I’ve an old Nexus 7 too, so I put the three units side by side with the brightness turned up to max on all three. The only problem is trying to find bright sunlight here in the Pacific Northwest on an overcast fall morning!
The first thing I noticed was there are a couple of brightness settings on the Nexus 7. Make sure you have the auto-brightness turned off (Settings – Display – Adaptive Brightness). Then set the brightness level to max. That seemed to work quite well for me.

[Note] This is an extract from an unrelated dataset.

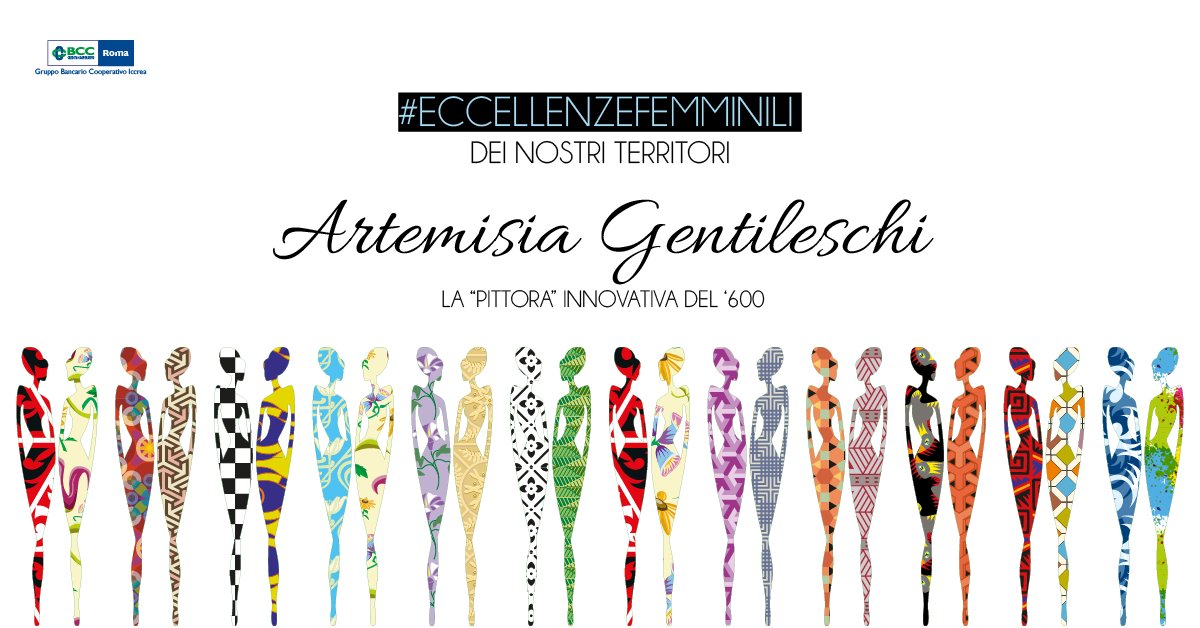 Bcc Roma Bcc Roma Twitter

Compared to the two new Fires, the 7″ Fire wasn’t as bright as either the Nexus 7 or the Fire 8. The Fire 8 was clearly brighter (and ‘whiter’) than the 7″ Fire, and comparable to the Nexus 7. I don’t think you’d notice much of a difference.
The Kindle Paperwhite is lovely, and of course, the brighter the sunlight, the easier it is to read. I see Amazon have them on sale for three days – http://amzn.to/1LyXmX9 .
Hope this helps
David, your review is spot on for the 7″ tablet. Your initial note alerted me to the $50 price point so I pre-ordered one. I agree with everything you’ve said about the 7″ tablet. I too have noted the “low” volume on earpieces. I have a set of bose (no power – just straight ear pieces) and the volume was too low to hear a movie on an airplane. I bought a $30 set of ear phones that use bluetooth for connectivity and these are a little better. I have to have the volume all the way up but at least it is just barley loud enough to hear on an airplane. It would be nice is Amazon would/could provide a software up date to in crease the headphone volume. Great review – thanks.
The volume thing is a peculiar oversight/issue. I’m not entirely sure it would be fixed by a software revision, but possibly – hopefully – that is so.
You could get an external headphone amp to go with the Fire. The Fiio E6 is $28 at Amazon and would be a good choice. Of course, it is rather disappointing that such a thing would be necessary!